The “before and after” theme of the last photo challenge was fun! And it so happens that I have a shaggy dog story that follows along that theme and unfolded this past weekend.
Since my retirement three years ago, I’ve been able to spend some quality time with my photography hobby and learn some digital editing. I’ve discovered so much in just a few short years, but I know that I have oodles more to go! And my time is limited right now because I am doing full-time consulting work this year. Rats! That leaves the weekends to carve out some hours to play with my photos and digital editing. And I get easily sidetracked along the way…
Case in point, I was going through my photo inventory and looking at my Seagrove pottery pictures so that I could prepare a blog post in the near future. While going through the pictures, I saw a rather dismal snapshot I took of an adorable and disheveled canine. I had forgotten all about that pup until I saw the image.
At this same time, I was also trying to find a tutorial for a technique that I used over a year ago. After wracking my feeble brain, I finally remembered that I saw the tutorial on the Adobe Photoshop Elements Techniques web site (membership required). While I was searching for it there, I stumbled onto a tutorial on how to do high-key photo editing using Camera Raw. Whoa, there I went off on a tangent! I told myself, yes, I want to learn more on how to use Camera Raw in Photoshop! And yes, I have never seen a concise tutorial about digitally creating a high-key photo. Never mind what my original intentions were!
Are you still following along? Are your eyes glazing over? Hang in there and don’t let the terminology scare you off.

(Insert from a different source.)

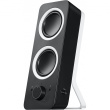 Logitech Z200 Speaker 2.0 Midnight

I told you this was a shaggy dog story! And I have pictures.
So in my usual rambling mode this past weekend, I went through the lesson and then grabbed the last picture I saw – the dismal one with the dog – to do a little playing in Photoshop. To make matters worse, the photo was taken with my little Coolpix point-and-shoot camera, so the image clarity is not up to par with those taken by my DSLR. Heavens to Betsy, there is hardly any redeeming quality to this hastily taken photo of a cute puppy dog, except that it is in focus. Here it is, straight out of the camera with no editing whatsoever.

It’s really a sad picture from a technical point of view. The subject is dead center (a composition no-no). The car is woefully distracting. The unattractive concrete block building in the background (complete with fluorescent light in the window, wires, and conduit) is the crowning touch to the composition disaster. Hey, but the subject is a cute dog – a shaggy one with the wind blowing through his hair! And I LOVE to throw a little test at myself to see if I can create something cool out of almost nothing. Game on!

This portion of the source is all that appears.